最初は「こんなムキムキなオッサンたちの女装とか誰得?」「冷やかしに行ってみるか」と、アイドルというよりは見世物小屋という感じで始まったユニットだった。しかし、マタギがワンテンポ遅れたダンスを必死に踊る姿が、観客たちの母性本能などをくすぐり、「なんかマタギ可愛く見えてきたんだが」「俺はゲンジロちゃんの同担拒否」などの声が大きくなっていった。それに連れて、チケットが取りにくくなり、次第に大きな会場でコンサートをするようになっていく。
すると「マタギに比べるとぐんそーの踊りはソツがなくてつまらない」「いつも無表情だし、何考えているのか分からない」「マタギ一人で良くね?」という声が膨らんでいく。昔からのぐんそーファン達はぐんそーが突然脱退しないかとヒヤヒヤさせられていた。
そんなぐんそーだが、出身地の佐渡弁で「おめが好きらすけ、全部がいとしげら」と真剣な表情で愛を語るイメージビデオが発売されるやいなや、「えっ?ツキシマかっこよくないか?」「俺はぐんそーの女だ」「俺がぐんそーを幸せにする」という声が高まっていく。マタギ~!というコールがほとんどだった会場にぐんそーを呼ぶ声が増えていき、最近では二人のコール数は同等くらいになってきた。

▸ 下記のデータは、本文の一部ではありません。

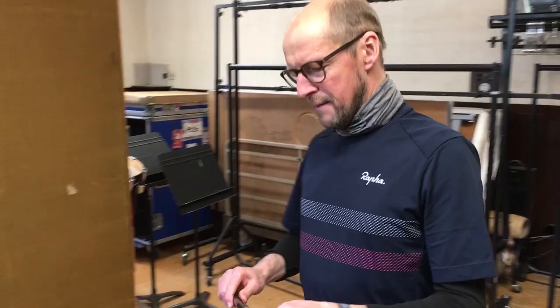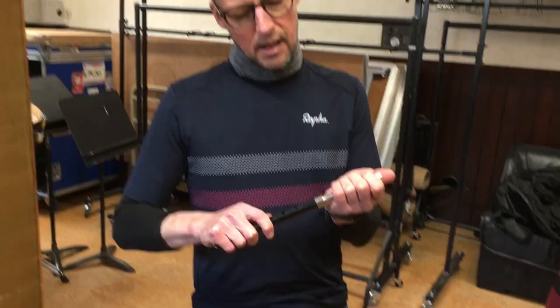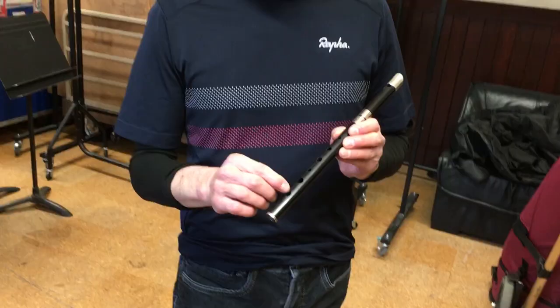It's a very, very posh tin whistle. It's made of wood and silver, solid silver. The thing about this is you can actually tune it and it's got a less metallic sound because it's made of the same wood that you would make a piccolo of.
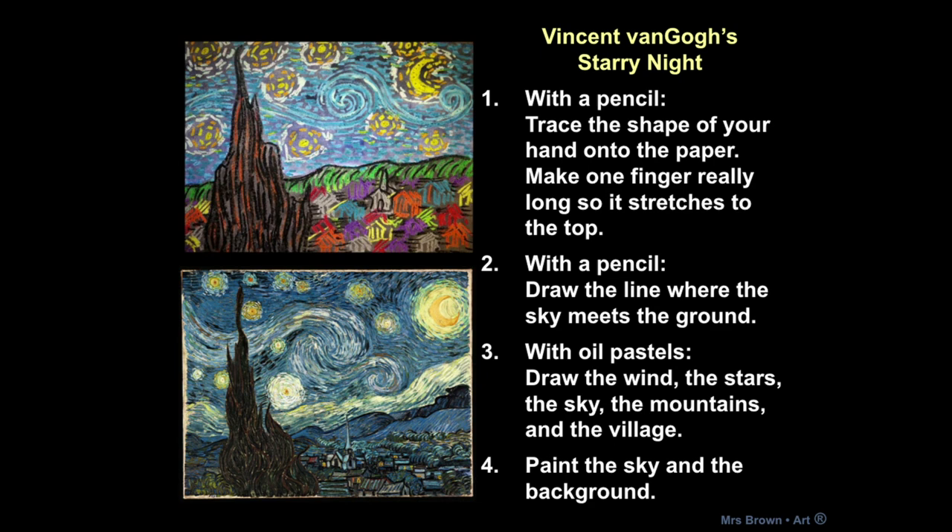Now if you do not have paint, you can continue using oil pastels for this step of the project. You would just need to use more oil pastels to fill in all those empty spaces, but you can still get the same effect. So let's see how this project goes.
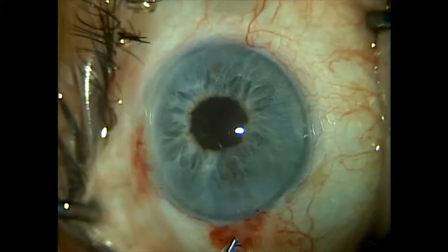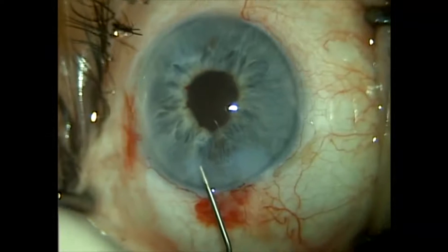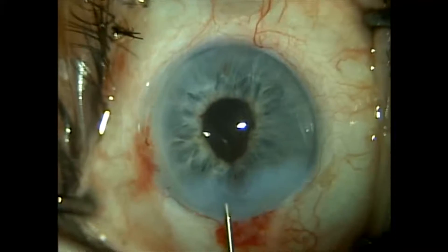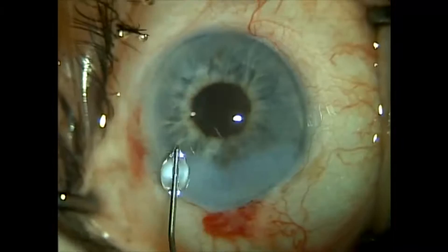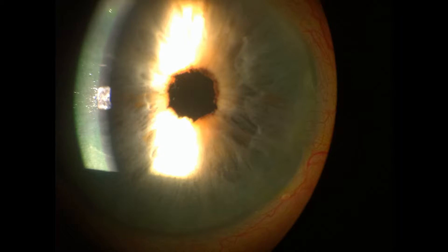At the end of the case we've got our normal physiologic miotic pupil. As we try to hydrate and inflate the anterior chamber, we can see the iris wanting to herniate out of the keratome incision, but we're able to manage it. We've got a nice case. Post-operatively, this is the photograph at the slit lamp — that's the normal pupil on post-op day one. The cornea looks good, the pupil looks good, the eye looks quiet. Thank you for your time.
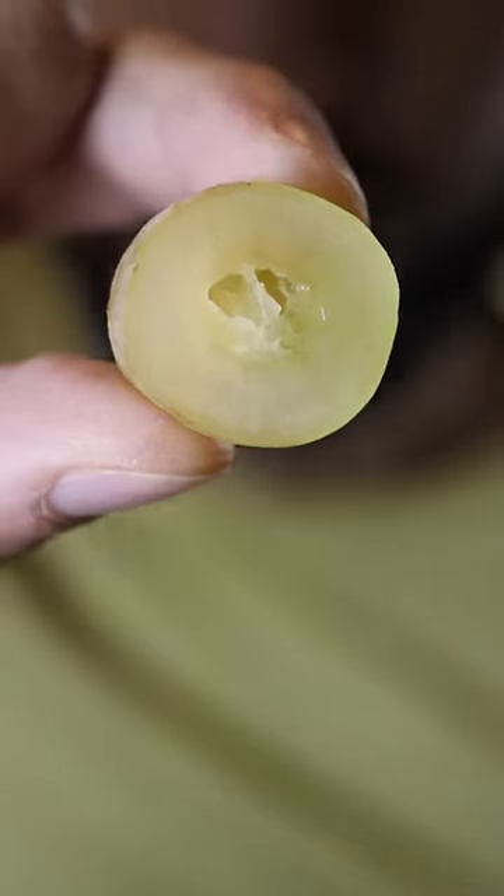Now let's see if this tastes like cotton candy. Oh snap — a tiny bit! That's cool. It just looks like a regular grape on the inside and even on the outside, but it has a nice hint of cotton candy.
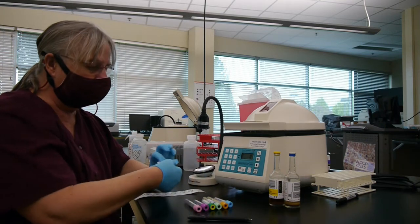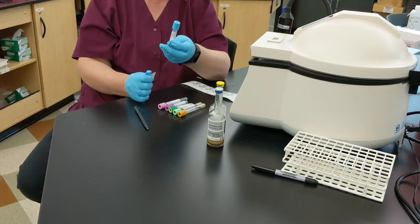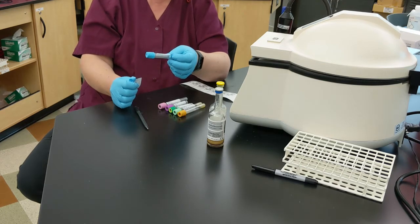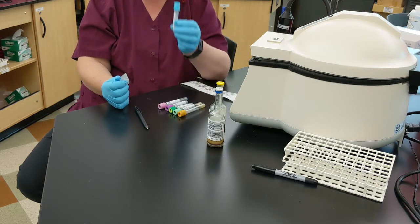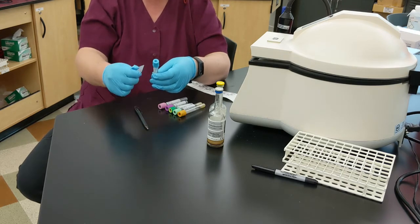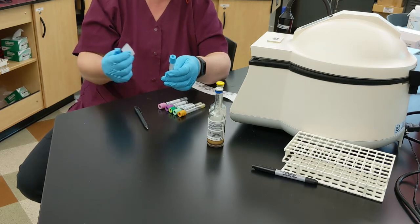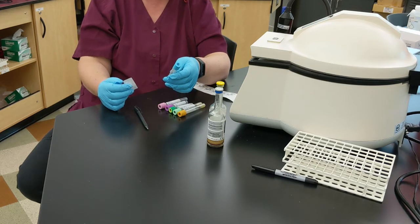People do the darndest things with labels — they wrap it around, put it crooked, or don't put them on at all. Crooked is better than no label, but many times we're putting the tube onto an analyzer and the analyzer is scanning the barcode. If the barcode is not quite right, it can't be read, and then we have to spend more time adjusting it, which also delays patient results.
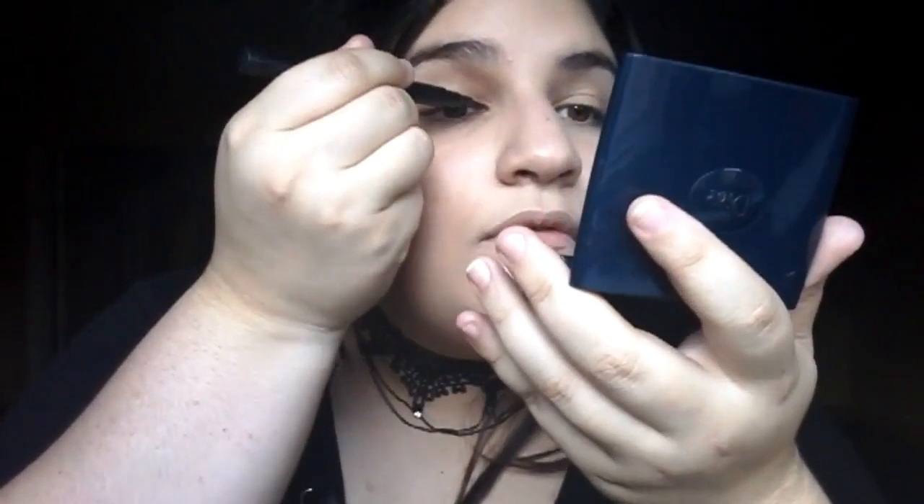After applying foundation, eye primer, and all that, I'm going to be applying Essence liquid eyeliner in black. I am now creating a winged eyeliner and really trying to get those sharp edges.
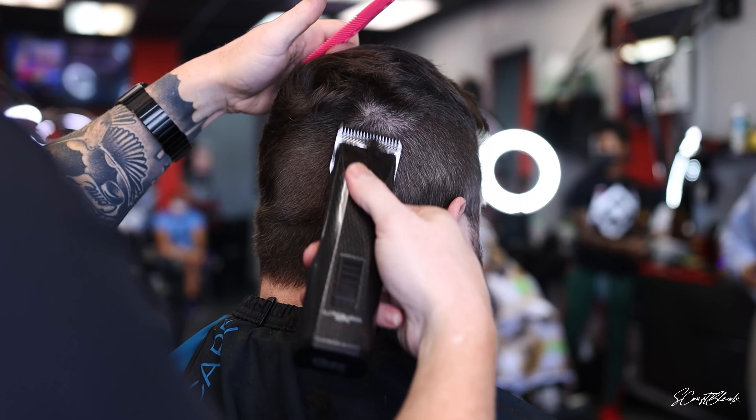I did the number two into the three-fourths but wasn't getting the cleanest blend, so I decided to go back to that one and a half blade and just kind of fade into that number two. Now I'm dropping down, going into the number one, starting under that line and just flicking at it, blending into the one and a half blade.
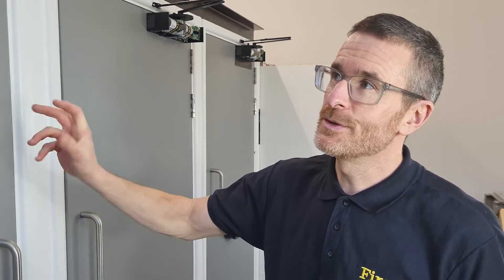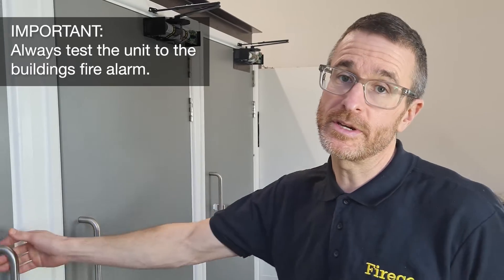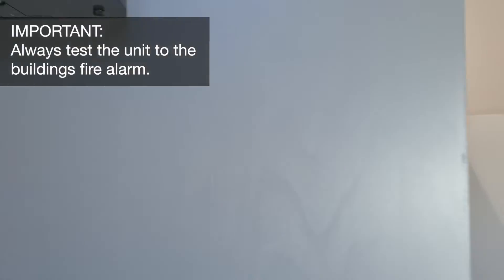The final thing to do is to commission the fire door by setting off the fire alarm on the site you've just fitted it on and making sure that it responds okay.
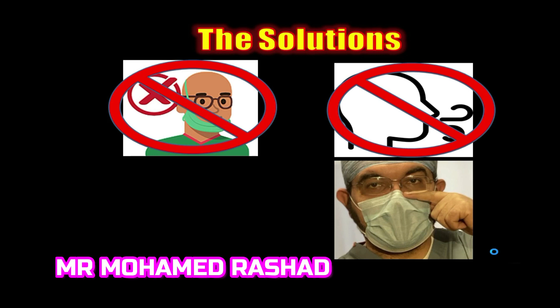The practical solution is to fit the mask well on the face of the patient, on the nose and the cheeks, to avoid air from escaping under the mask.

さて、ここに昔からのぐんそー強火担(もちろん同担拒否)の男がいる。名をおがたという。ぐんそーのイメージカラーである緑のサイリウムを右手に四本持ち、「ぐんそー!ムンして!」と書かれたうちわを左手に持ち、毎回最前列でぐんそーへ激しくアピールするおがたはファンの間で有名な存在だった。
おがた自身がとても色気のある顔をしていて、一目見た女性がおがたのファンになってしまうなんてことも少なくない。まぁ、その女性達はぐんそー強火担で周りに全く興味がなく、ぐんそーに認識された同担を必死に排除しようとするおがたの姿を見て、「ないわ~」と夢から覚めるのだが。
今日は少女団の握手会である。ぐんそーの列の一番初めには当然のごとくおがたが並んでいる。「では、樺太少女団の握手会始めます」という声がすると同時におがたはぐんそーの前に足早に進んだ。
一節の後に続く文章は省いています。